Mariana Marin, la «poetessa in jeans». Traduzioni inedite

Mariana Marin nasce nel febbraio del 1956 a Bucarest, città in cui consumerà la sua intera esistenza, breve, travagliata e profondamente «poetica», conclusasi prematuramente nel marzo del 2003. Frequenta l’università di lettere ed entra in contatto con il «Cenacolo del lunedì» (attivo dal 1977 al 1983, quando fu sciolto dal partito comunista che lo riteneva sovversivo), organizzato da Nicolae Manolescu e frequentato da alcune delle personalità poetiche che più tardi si ricostituiranno nel gruppo dei cosiddetti Optzecişti: Mircea Nedelciu, Alexandru Muşina, Mircea Cărtărescu, Ion Bogdan Lefter, Traian T. Coşovei, Ioan Es. Pop, Nichita Danilov, Ion Mureşan, Gheorghe Crăciun, tra gli altri, insieme a Mariana Marin, saranno i protagonisti di un grande cambiamento, creatori di un nuovo modo di scrivere e vivere la poesia.

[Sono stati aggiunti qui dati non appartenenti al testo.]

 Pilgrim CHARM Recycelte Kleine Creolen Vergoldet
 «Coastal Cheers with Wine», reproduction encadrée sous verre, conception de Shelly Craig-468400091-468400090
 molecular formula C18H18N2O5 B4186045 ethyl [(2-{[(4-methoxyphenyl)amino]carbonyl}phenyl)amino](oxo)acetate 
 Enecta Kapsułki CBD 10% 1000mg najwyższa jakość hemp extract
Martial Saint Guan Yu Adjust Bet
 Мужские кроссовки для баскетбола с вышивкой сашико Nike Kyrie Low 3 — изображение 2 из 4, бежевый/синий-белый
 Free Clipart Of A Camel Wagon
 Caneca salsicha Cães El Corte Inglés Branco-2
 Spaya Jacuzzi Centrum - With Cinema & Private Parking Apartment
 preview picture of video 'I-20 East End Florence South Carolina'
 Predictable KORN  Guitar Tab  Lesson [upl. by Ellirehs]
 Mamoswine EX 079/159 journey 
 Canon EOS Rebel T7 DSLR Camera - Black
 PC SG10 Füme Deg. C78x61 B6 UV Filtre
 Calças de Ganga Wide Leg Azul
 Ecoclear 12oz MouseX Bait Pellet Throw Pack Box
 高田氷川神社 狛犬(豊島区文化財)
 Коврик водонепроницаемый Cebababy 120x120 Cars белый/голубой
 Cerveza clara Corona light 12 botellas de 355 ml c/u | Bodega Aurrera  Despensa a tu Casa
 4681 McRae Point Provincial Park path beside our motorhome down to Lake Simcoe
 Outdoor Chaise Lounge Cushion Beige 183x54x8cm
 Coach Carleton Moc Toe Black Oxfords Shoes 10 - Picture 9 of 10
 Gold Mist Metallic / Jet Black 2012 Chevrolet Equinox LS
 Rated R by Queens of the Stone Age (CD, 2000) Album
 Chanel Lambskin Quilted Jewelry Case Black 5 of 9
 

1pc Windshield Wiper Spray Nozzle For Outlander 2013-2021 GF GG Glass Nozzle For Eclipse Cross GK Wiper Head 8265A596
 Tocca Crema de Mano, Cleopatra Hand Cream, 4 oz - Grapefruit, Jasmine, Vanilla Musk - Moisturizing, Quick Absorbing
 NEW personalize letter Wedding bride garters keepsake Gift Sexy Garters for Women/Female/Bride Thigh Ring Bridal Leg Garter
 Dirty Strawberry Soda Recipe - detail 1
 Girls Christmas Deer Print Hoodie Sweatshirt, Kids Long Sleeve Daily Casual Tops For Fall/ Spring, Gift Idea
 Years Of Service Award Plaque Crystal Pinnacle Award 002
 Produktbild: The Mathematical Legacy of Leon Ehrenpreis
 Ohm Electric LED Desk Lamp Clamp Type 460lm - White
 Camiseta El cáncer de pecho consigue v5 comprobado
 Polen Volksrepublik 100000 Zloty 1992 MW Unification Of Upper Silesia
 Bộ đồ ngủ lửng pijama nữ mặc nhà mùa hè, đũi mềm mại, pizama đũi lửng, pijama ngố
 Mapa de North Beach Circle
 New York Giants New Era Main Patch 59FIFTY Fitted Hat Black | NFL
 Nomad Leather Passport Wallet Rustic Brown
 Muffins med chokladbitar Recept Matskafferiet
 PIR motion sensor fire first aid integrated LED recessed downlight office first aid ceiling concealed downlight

La generazione degli anni ’80 infatti (nota anche come «generazione in jeans ») avrà il grande merito di ripensare il rapporto tra poesia e realtà, e proprio il «Cenacolo del lunedì» rappresenterà uno dei nuclei di propulsione del cambiamento. La Romania complessa e frammentaria dell’ultimo decennio di regime, la Romania stanca e soffocata nella cortina della dittatura è appunto la realtà in cui si muovono gli Optzecişti. Si tratta di un confronto che si sviluppa in modi diversi, nei vari modi in cui l’individuo entra, o cerca di entrare in contatto col contesto: analisi, decostruzione, rifiuto – onorico o alcolico –, distorsione, contaminazione. Soprattutto, si tratta di descrivere il reale, smontarlo, analizzarlo.
Di fronte a quest’attitudine, molta critica ha formulato il concetto di postmodernismo romeno, le cui peculiarità pare assumano, in primo luogo, carattere generazionale: la «generazione in jeans» sente di appartenere e formare essa stessa un nuovo nucleo poetico con nuovi intenti, e si autodefinisce in essi attraverso vere e proprie formule, come «nuova sensibilità», «presa sul reale», «la poesia che scende in strada». Una sorta di tensione programmatica di fronte al reale [1]. In questo senso, «l’ala lunedista», a cui Mariana Marina apparteneva, cerca di superare l’astrazione modernista in favore di una dimensione più umana quanto pragmatica della scrittura poetica. La poesia allora diventa descrittiva, «enumera all’infinito oggetti e superfici in evoluzioni poetiche orali, torrenziali» [2], in testi lunghi, disordinati e pieni di immagini provenienti dalla vita reale, restituite al lettore distorte in soggettività, ironia e linguaggio colloquiale. Una sorta di neo-espressionismo che racconta l’individuo all’interno e all’esterno di sé, diventando allo stesso tempo poesia engagé, poesia di strada, secondo l’esempio della Beat Generation d’oltreoceano.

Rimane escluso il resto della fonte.